Activity: When writing out the entries below, keep only the lines from the line with "Once the correct" to the line with "The heart is", both included, exactly as they are, and leave the pictures aside.

(Collected data entries)
◇ ◇ ◇ ◇ ◇ ◇ ◇
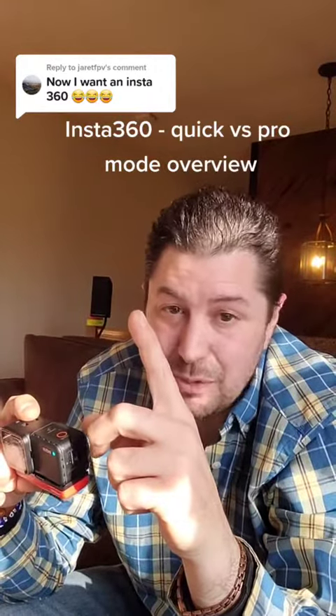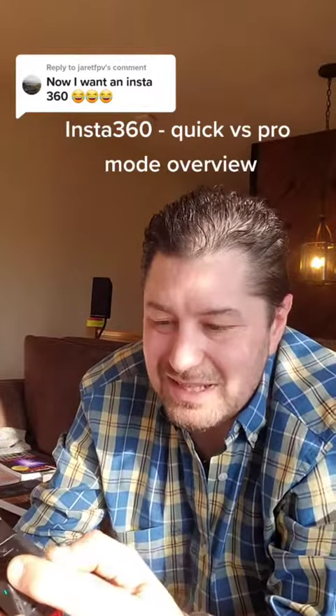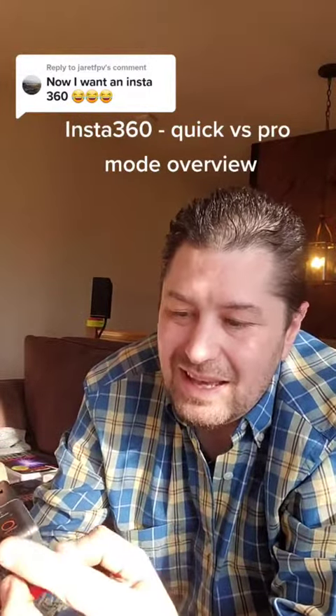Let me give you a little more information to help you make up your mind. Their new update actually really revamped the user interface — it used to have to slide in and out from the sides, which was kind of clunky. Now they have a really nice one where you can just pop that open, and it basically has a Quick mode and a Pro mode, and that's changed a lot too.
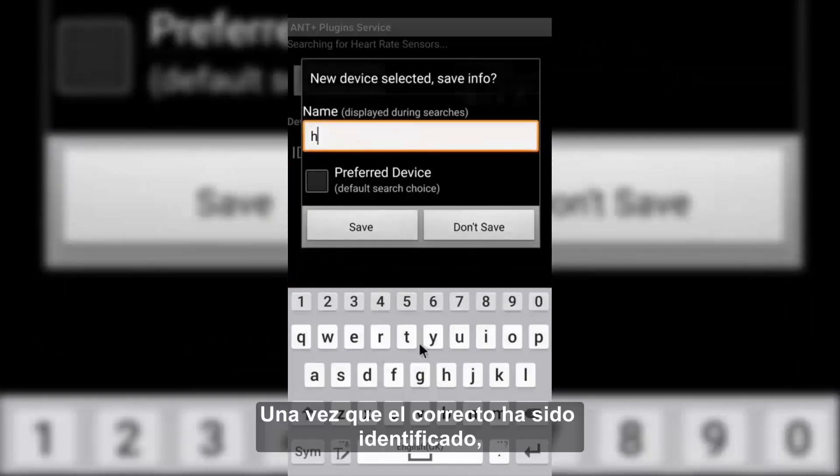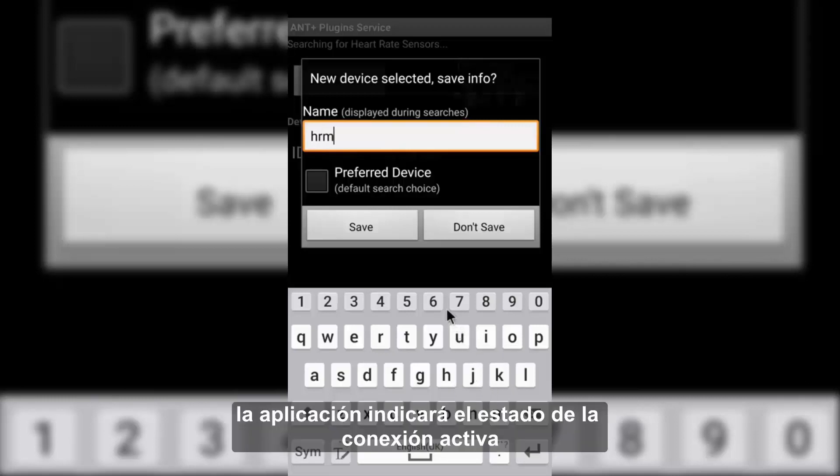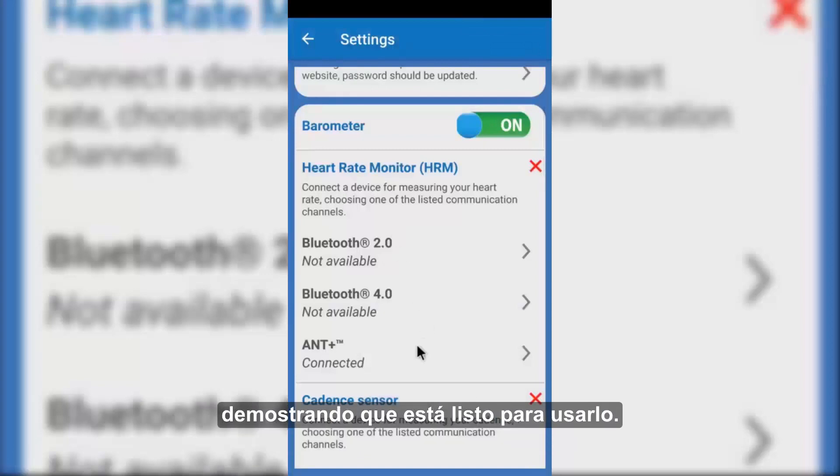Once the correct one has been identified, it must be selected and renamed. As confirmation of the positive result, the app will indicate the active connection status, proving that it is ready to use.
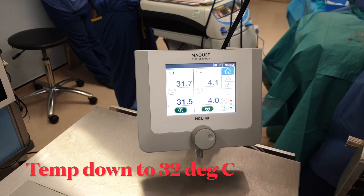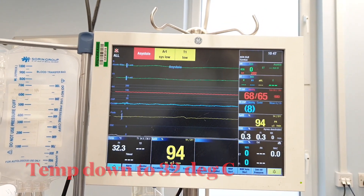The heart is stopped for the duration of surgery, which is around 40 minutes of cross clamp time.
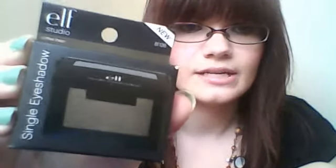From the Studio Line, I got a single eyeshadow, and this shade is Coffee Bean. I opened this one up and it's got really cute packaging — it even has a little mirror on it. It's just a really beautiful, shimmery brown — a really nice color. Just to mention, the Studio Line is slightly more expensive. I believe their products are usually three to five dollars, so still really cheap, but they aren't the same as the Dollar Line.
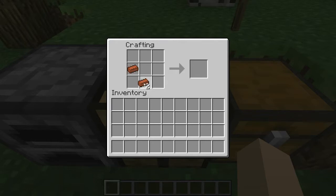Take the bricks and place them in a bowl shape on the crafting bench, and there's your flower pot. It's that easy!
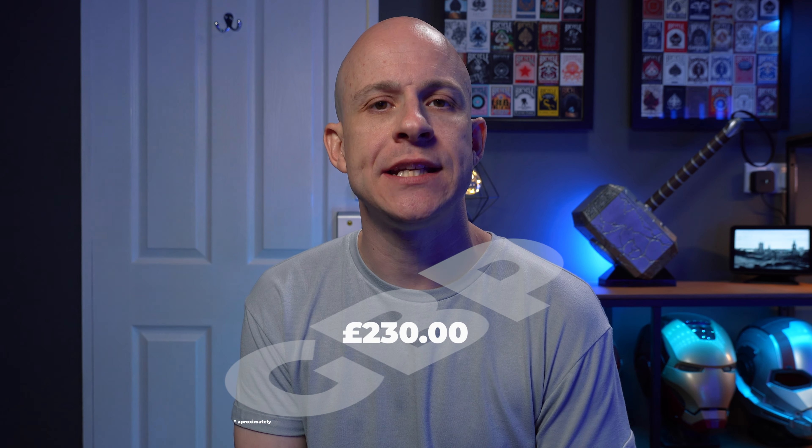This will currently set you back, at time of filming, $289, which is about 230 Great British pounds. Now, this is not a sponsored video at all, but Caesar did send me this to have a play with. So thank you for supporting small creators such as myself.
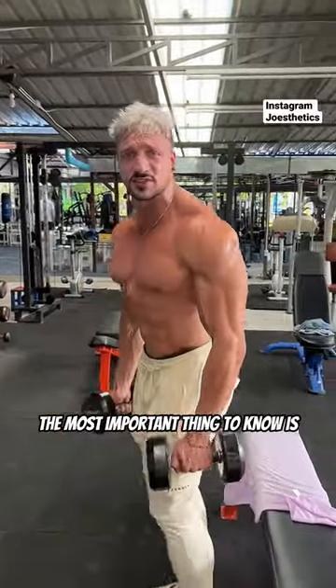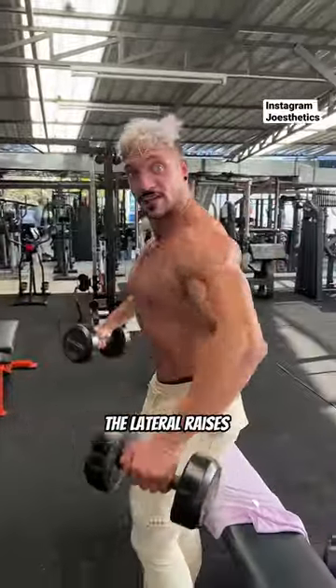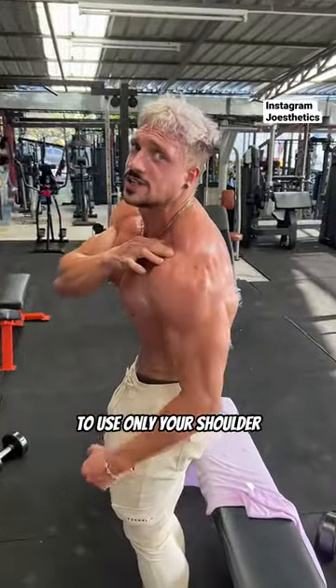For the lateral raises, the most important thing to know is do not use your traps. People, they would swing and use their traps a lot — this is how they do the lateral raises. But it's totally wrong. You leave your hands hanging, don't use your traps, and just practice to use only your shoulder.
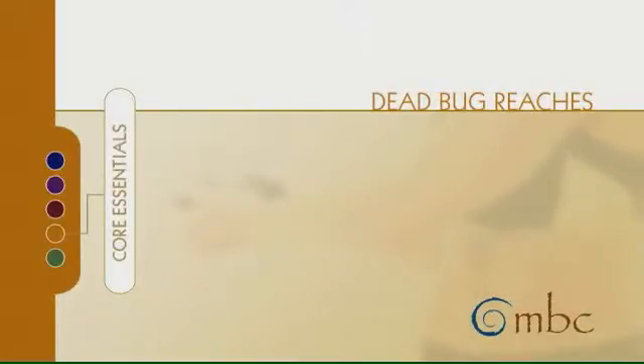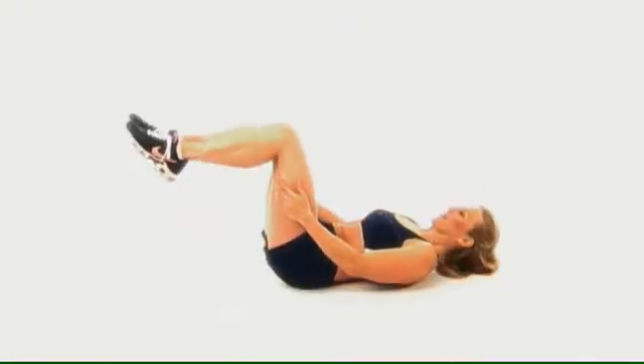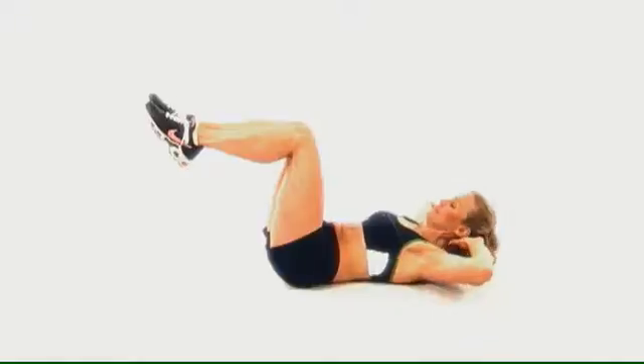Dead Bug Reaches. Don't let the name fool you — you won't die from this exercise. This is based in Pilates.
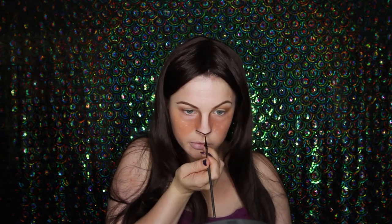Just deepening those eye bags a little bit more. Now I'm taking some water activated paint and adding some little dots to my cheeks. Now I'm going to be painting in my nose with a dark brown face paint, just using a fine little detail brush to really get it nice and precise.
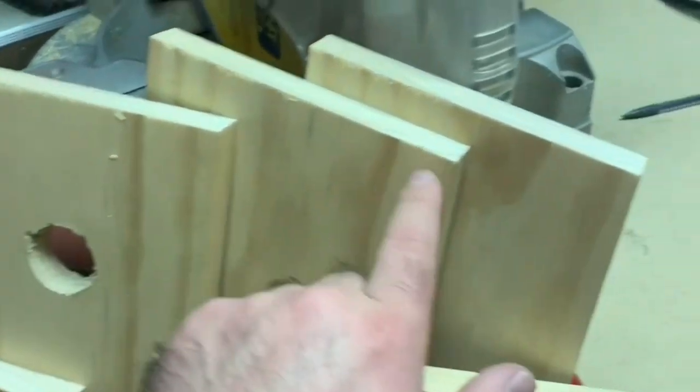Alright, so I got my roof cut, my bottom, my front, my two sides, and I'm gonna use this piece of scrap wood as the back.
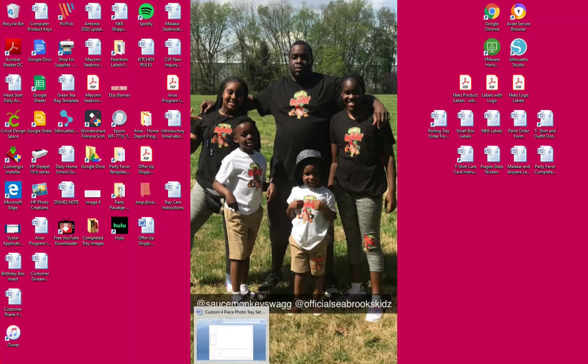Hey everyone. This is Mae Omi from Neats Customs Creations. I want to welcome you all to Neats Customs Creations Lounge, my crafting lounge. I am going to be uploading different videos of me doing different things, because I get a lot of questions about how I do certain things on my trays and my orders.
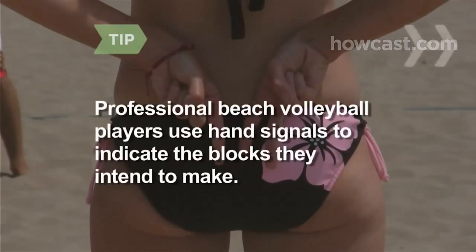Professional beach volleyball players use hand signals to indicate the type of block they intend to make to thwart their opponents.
◇ ◇ ◇ ◇ ◇ ◇ ◇
Written solution:
Once the correct one has been identified, it must be selected and renamed. As confirmation of the positive result, the app will indicate the active connection status, proving that it is ready to use.
The heart is stopped for the duration of surgery, which is around 40 minutes of cross clamp time.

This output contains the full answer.